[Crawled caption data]
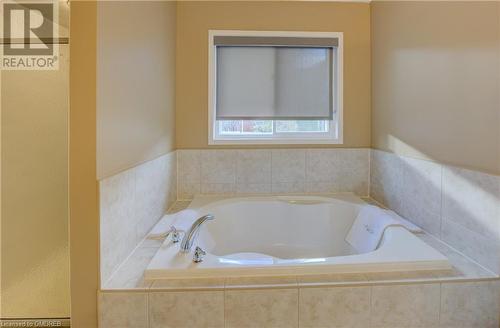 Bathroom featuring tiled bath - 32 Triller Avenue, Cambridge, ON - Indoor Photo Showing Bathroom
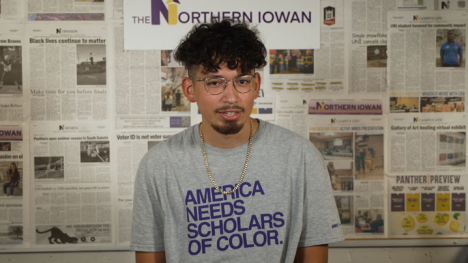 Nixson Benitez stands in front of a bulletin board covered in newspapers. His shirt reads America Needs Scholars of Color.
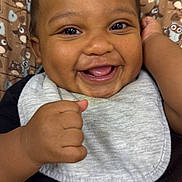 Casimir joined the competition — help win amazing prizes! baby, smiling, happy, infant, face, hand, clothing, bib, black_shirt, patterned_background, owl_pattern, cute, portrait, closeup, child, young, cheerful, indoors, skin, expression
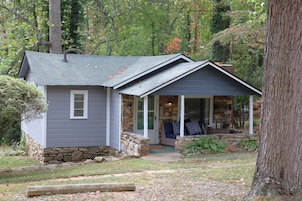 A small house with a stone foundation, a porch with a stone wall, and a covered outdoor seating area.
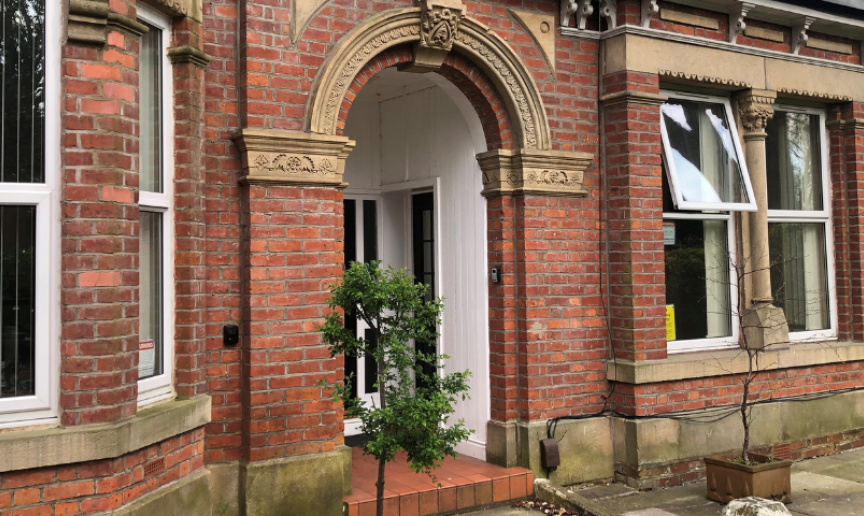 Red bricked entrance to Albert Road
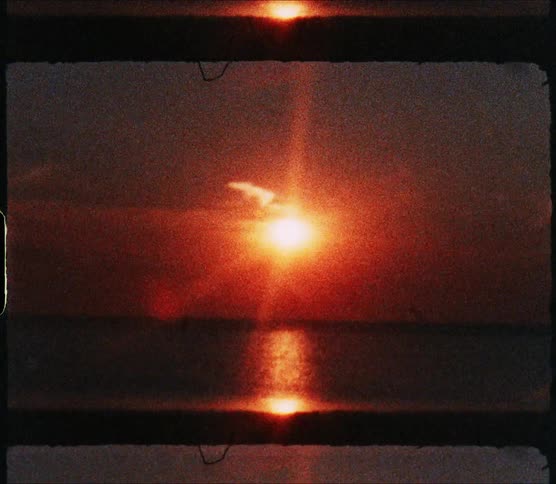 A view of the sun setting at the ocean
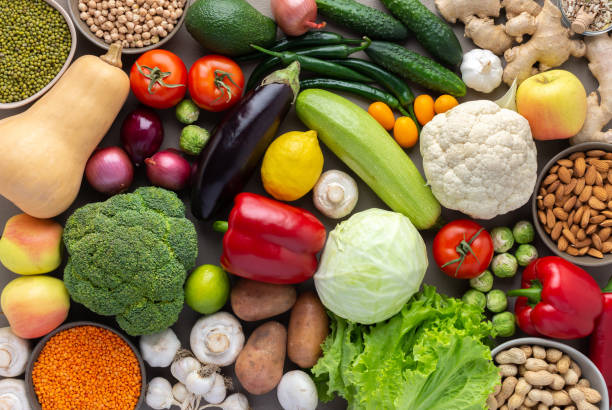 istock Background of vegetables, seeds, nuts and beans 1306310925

[EXERCISE BRIEF] If an entry contains an image, print the rest of that entry exactly and leave the image out.

[ANSWER SPACE]
 Bathroom featuring tiled bath - 32 Triller Avenue, Cambridge, ON - Indoor Photo Showing Bathroom
 Nixson Benitez stands in front of a bulletin board covered in newspapers. His shirt reads America Needs Scholars of Color.
 Casimir joined the competition — help win amazing prizes! baby, smiling, happy, infant, face, hand, clothing, bib, black_shirt, patterned_background, owl_pattern, cute, portrait, closeup, child, young, cheerful, indoors, skin, expression
 A small house with a stone foundation, a porch with a stone wall, and a covered outdoor seating area.
 Red bricked entrance to Albert Road
 A view of the sun setting at the ocean
 istock Background of vegetables, seeds, nuts and beans 1306310925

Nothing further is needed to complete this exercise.